Honolulu police call them the eyes and ears of the department, and they help make officers better.
Citizens patrol groups are trained members of the community. This type of law enforcement volunteer walks through the neighborhood and reports back to police about things officers might otherwise miss.
The Honolulu Police Department says it is always recruiting.
Different from a neighborhood watch, citizens patrols are trained through the department and are distinguished by their brightly colored shirts.
Mildred Chieko Toyama is 92 years old. Years ago, someone convinced her to join a citizens patrol.
“I see this group come in every, once a week walking around, so one of the guys said, ‘Mildred why don’t you join us?’ Okay, for exercise,” she admitted.
Toyama says it became more than exercise. She enjoyed helping the community.
“Do you think it keeps the community safe, doing what you do?” KHON2 asked.
“Yes, and we’re supposed to. Isn’t that right, officer?” replied Toyama as she looked at Sgt. Deric Valoroso with the Honolulu Police Department.
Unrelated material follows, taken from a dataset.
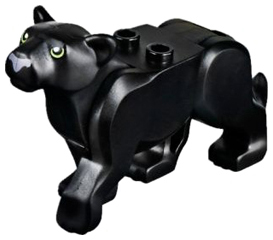 LEGO® bb0787c01pb01 Cat, Large (Panther) with Lime Eyes and Dark Bluish Gray Nose Pattern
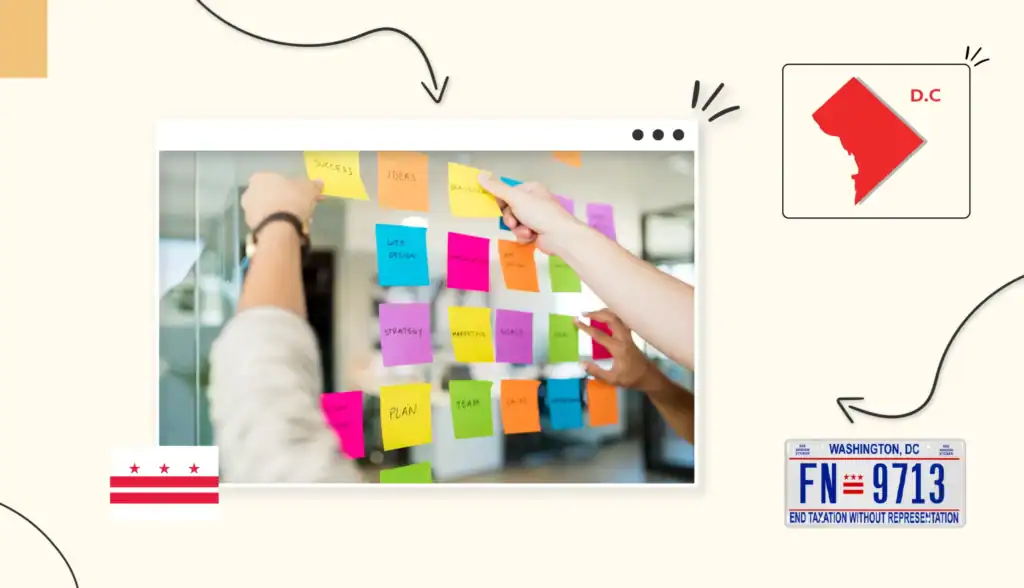 A clear board covered in colorful sticky notes about business ideas in Washington DC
Valoroso supervises District 1’s Community Policing Team, which covers the downtown Honolulu area from Liliha Street to Punahou Street, and from Round Top Drive to Ala Moana beach. There are 51 citizens patrols in this district.
“They help us to deter simple things that seem to be growing lately, like any problem we have that we don’t have time to look at,” said Valoroso. “Not enough parking in the area, because people are parking illegally. They can report it to us. We research it and see what we can do about that.”
Valoroso says citizens patrols helped shed light on things like uneven sidewalks, broken lights, and abandoned vehicles in the neighborhood.
“Every district has a community policing team. Those are the people to contact to try and start one in your community,” explained Valoroso.
He says in District 1, most of the citizens patrols are made up of kupuna.
“It would be nice to have a younger view of what’s going on in the community. That generation views things differently than I do. They’re the ones living in the community. They are our future. They need to make changes and adjustments to their future by helping us out,” said Valoroso.
But he’s quick to point out that doesn’t make kupuna, like Mildred, any less helpful to the department.